A Vila Nova Conceição possui o metro quadrado mais caro de São Paulo: 13 871 reais (no Leblon, o mais valioso do Rio, é 22 mil). Athina Onassis, a amazona, e Roberto Setúbal são de lá.
Os moradores estão se organizando para impedir a construção de moradias populares. Um terreno seria demarcado como Zeis, Zona Especial de Interesse Social, algo previsto no Plano Diretor que deve ser aprovado na Câmara na semana que vem.
A área era um estacionamento e pertencia ao dono da rede Clóvis Calçados. Estava fechado há alguns anos. A mulher do diretor da associação de moradores fez um alerta: “Moradia social no coração do bairro, e a pouquíssimos quarteirões das nossas crianças”. Uma reunião foi marcada em que foi levantada a possibilidade de se entrar com uma ação judicial.
A situação lembra a de Higienópolis em 2011, quando uma psicóloga externou sua preocupação com a inauguração de uma estação de metrô ali. Atrairia “drogados, mendigos, uma gente diferenciada…”. Houve protestos — o mais notório foi um churrasco. O governo de São Paulo acabou desistindo da obra.
Entidades de bairros servem para defender os interesses do bairro. Mas os interesses do bairro não podem se sobrepor aos da cidade. Um terreno vazio e abandonado num pedaço nobre de São Paulo não pode ter mais serventia do que uma habitação para moradores de baixa renda. A não ser que o problema sejam os moradores de baixa renda.
Provavelmente a maioria dos habitantes da Vila Nova Conceição vão a Nova York e Paris e pegam, digamos, metrô, com todo tipo de gente diferenciada. De volta à terra natal, isso se torna impossível.
A riqueza de São Paulo e Rio construiu um isolamento, eventualmente disfarçado sob o termo “exclusividade”. O frequentador do Ibirapuera das quintas não é o mesmo dos domingos. Ir ao futebol já foi uma experiência mais democrática. No Morumbi, havia duas opções principais: arquibancada e numerada. A diferença de preço entre elas não era tão grande. Hoje, você pode ficar num camarote, vendo a massa cheirosa de longe.

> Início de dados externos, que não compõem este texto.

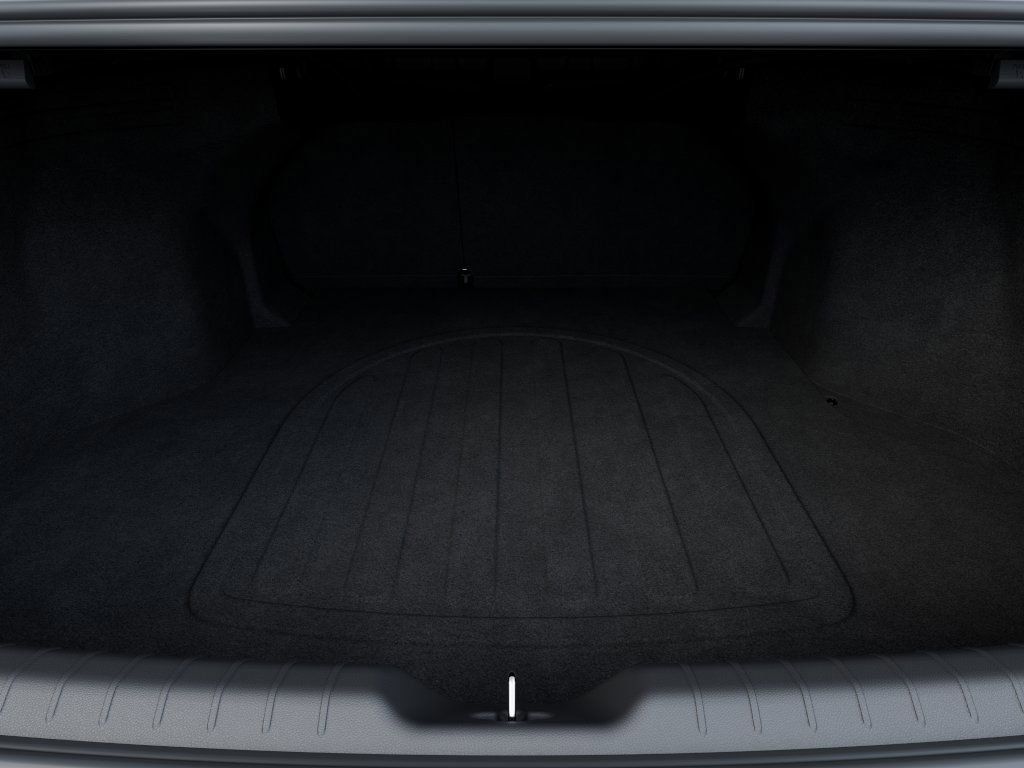 new 2025 Kia K4 car, priced at $21,806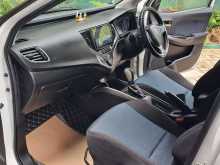 https://riyasewana.com/uploads/suzuki-beleno-rs-221527024763.jpg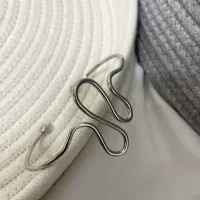اکسسوری رنگ ثابت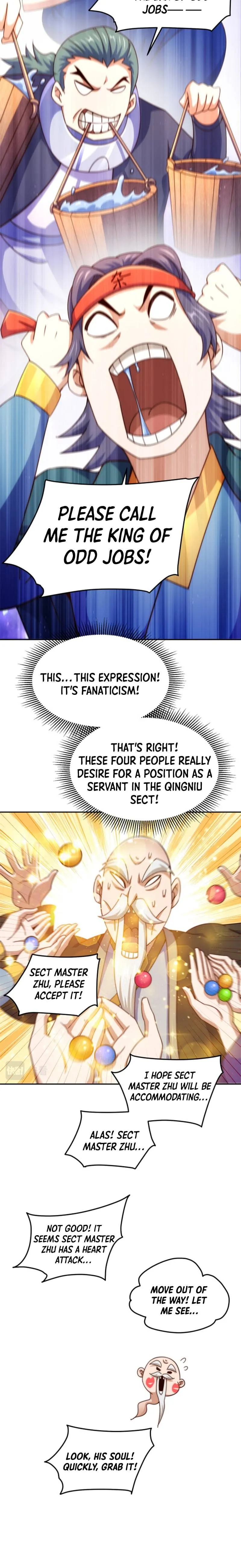 Page 20 of Chapter 156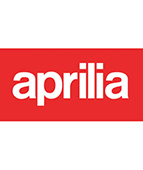 APRILIA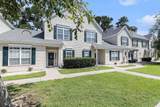 106 Scotch Broom Dr. - Photo 1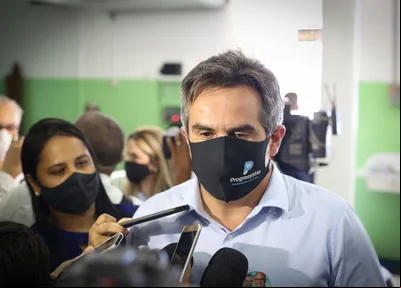 Ciro Nogueira 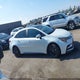 5YFT4MCE5RP214579 2024 Toyota Corolla Xse auction photo thumbnail 13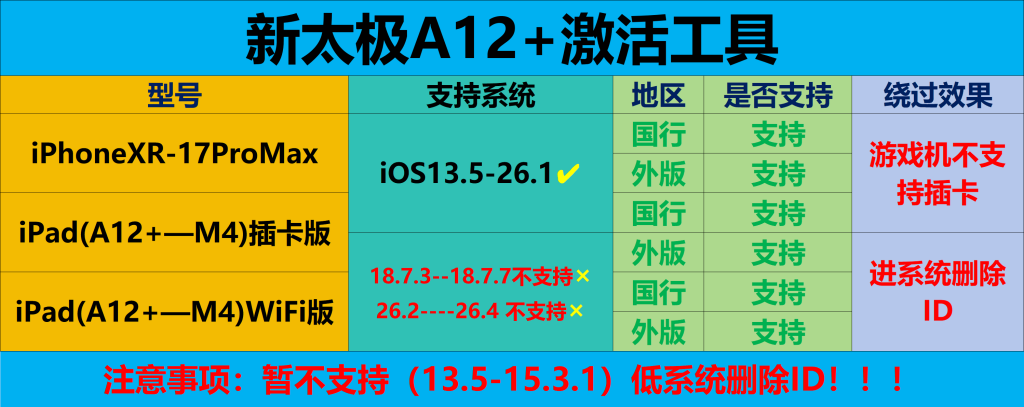 QQ图片20260401091748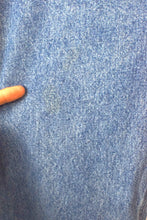 Load image into Gallery viewer, Carhartt Brand Denim Jeans
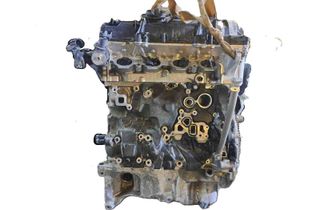 BMW X3 G01 (2017-2024) Moteur B46B20B,5A4C7C2 23872259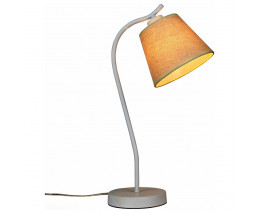 Настольная лампа декоративная ST-Luce Tabella SL964.504.01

O filósofo de Harvard Michael Sandel tem um bom ponto sobre essa tendência. “Há cada vez menos lugares onde pessoas de diferentes classes, diferentes etnias e diferentes backgronds podem se encontrar”, disse ele numa palestra em São Paulo. No estádio de beisebol a que ele ia, todos “pegavam a mesma fila para ir ao banheiro, comiam o mesmo cachorro-quente mofado e tomavam a mesma chuva”.
Nas últimas três décadas, aconteceu o que chamou de “camarotização” da vida. “Vivemos, trabalhamos, brincamos em locais diversos. Isso não é bom para a democracia. A democracia não requer igualdade perfeita, mas que pessoas de diferentes origens se encontrem, até se choquem, ao longo da vida diária, porque é dessa forma que aprendemos a negociar e a viver com nossas diferenças e é isso que faz com que nos importemos com o bem comum.”
São Paulo precisa de menos camarotes e seus reis esquisitões.